Germany leads the way in recycling end-of-life automobiles among European nations, according to a study by a U.K. recycling lobby group.
The study by SaveOnEnergy finds the automaking powerhouse outperformed the European Union’s average recovery and reuse score by 7.75%. Italy languished in the second-to-last spot, underperforming the EU rate from 2006 to 2018 by an average of -6.99%.
The End-of-Life Vehicles Directive is a legal act of the EU following research showing autos that have reached the end of their useful lives create between 8 million and 9 million metric tons of waste going straight to European landfills annually.
SaveOnEnergy says it used Eurostat End-Of-Life Vehicle Waste Management Operations data to build its ranking of best and worst recyclers. It measured the total tonnage of vehicles reused and recovered to calculate total vehicle waste as a percentage.
To draw a comparison between the performance of each EU country, the organization compared each country's reuse and recovered rate to the average rate across the EU from 2006 to 2018. To calculate the total tonnage reused and recovered as a percentage of total waste, it divided the sum of the total reused and the total recovered by total waste and multiplied by 100.

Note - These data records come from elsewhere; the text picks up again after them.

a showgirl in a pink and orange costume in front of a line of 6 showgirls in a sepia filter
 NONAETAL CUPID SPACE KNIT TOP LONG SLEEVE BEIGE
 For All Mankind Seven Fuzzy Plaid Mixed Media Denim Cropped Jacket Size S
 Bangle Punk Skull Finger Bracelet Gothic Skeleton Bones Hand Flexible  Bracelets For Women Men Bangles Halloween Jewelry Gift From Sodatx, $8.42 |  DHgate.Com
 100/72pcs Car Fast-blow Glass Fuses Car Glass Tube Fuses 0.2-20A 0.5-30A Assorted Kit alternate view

Behind Germany in second place is Austria which recorded a rate of 4.79%, followed by Iceland with an average of 4.28%. In fourth place is the Netherlands by an average of 3.16%, and in fifth is Belgium who outperformed the EU by an average of 2.93%. Ranked last, with data only available from 2010 to 2016, was Malta, underperforming the EU recovery and reuse rate by an average of -17.60%.